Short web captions
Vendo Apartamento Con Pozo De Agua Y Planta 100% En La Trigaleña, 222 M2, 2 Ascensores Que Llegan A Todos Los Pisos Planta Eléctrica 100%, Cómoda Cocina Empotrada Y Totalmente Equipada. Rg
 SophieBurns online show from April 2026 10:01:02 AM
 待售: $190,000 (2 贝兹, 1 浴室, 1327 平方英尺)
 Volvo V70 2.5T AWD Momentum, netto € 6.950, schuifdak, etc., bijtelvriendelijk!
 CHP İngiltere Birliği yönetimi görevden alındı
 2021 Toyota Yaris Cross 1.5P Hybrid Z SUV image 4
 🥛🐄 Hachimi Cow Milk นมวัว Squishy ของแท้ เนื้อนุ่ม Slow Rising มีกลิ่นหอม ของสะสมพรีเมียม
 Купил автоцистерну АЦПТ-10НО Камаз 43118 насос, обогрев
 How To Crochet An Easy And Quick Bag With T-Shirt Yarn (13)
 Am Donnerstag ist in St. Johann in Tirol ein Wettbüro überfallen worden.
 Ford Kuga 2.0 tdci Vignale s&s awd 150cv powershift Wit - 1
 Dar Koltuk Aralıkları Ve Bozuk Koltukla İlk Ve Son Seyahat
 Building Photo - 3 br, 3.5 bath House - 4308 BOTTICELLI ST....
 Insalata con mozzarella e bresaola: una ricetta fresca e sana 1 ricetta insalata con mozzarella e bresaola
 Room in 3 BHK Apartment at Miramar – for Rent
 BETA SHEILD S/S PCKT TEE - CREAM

[Task description]: Copy exactly the lines above, starting at the opening line and finishing at the line in which "CHP İngiltere Birliği" occurs.

[Response to the task]:
Vendo Apartamento Con Pozo De Agua Y Planta 100% En La Trigaleña, 222 M2, 2 Ascensores Que Llegan A Todos Los Pisos Planta Eléctrica 100%, Cómoda Cocina Empotrada Y Totalmente Equipada. Rg
 SophieBurns online show from April 2026 10:01:02 AM
 待售: $190,000 (2 贝兹, 1 浴室, 1327 平方英尺)
 Volvo V70 2.5T AWD Momentum, netto € 6.950, schuifdak, etc., bijtelvriendelijk!
 CHP İngiltere Birliği yönetimi görevden alındı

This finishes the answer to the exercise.